Extracted information Start Marker

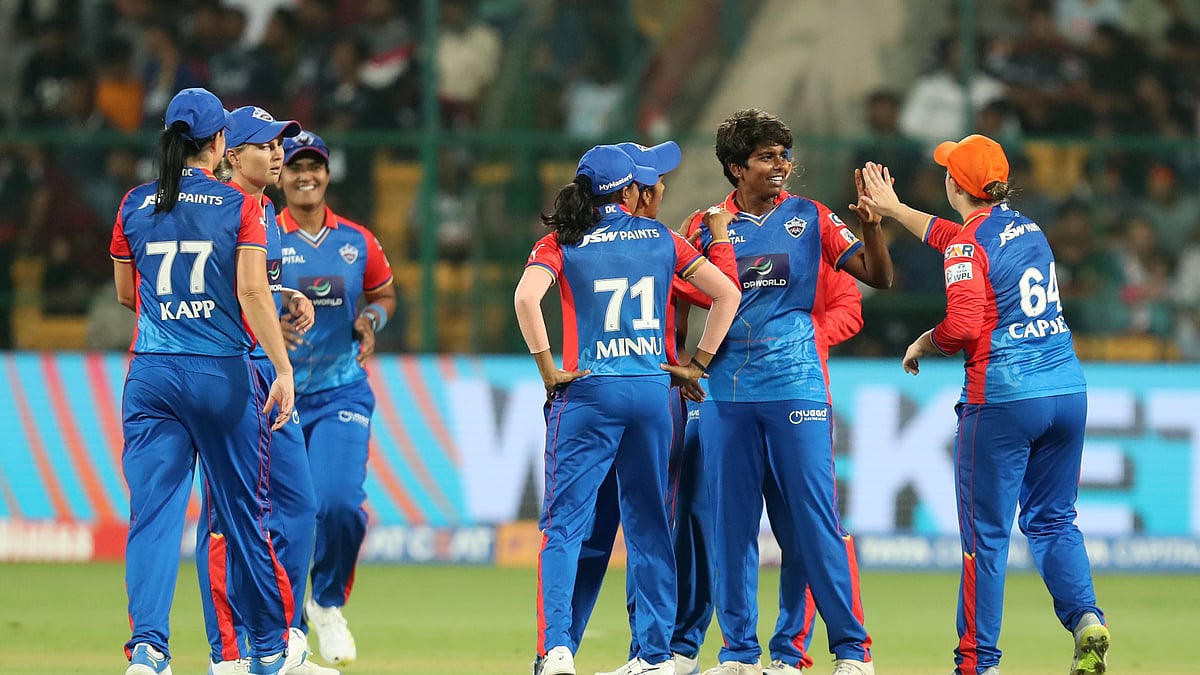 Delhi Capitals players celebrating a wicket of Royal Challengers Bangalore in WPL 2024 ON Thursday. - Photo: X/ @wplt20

Extracted information End Marker
Extracted information Start Marker

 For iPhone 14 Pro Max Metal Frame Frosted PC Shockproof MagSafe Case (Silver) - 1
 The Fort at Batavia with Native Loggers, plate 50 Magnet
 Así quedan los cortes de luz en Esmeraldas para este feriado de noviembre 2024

Extracted information End Marker

## Goal of the exercise
Reproduce exactly the lines above from the line with "The Fort at" to the line with "Así quedan los", including both, and add nothing.

## Exercise response
 The Fort at Batavia with Native Loggers, plate 50 Magnet
 Así quedan los cortes de luz en Esmeraldas para este feriado de noviembre 2024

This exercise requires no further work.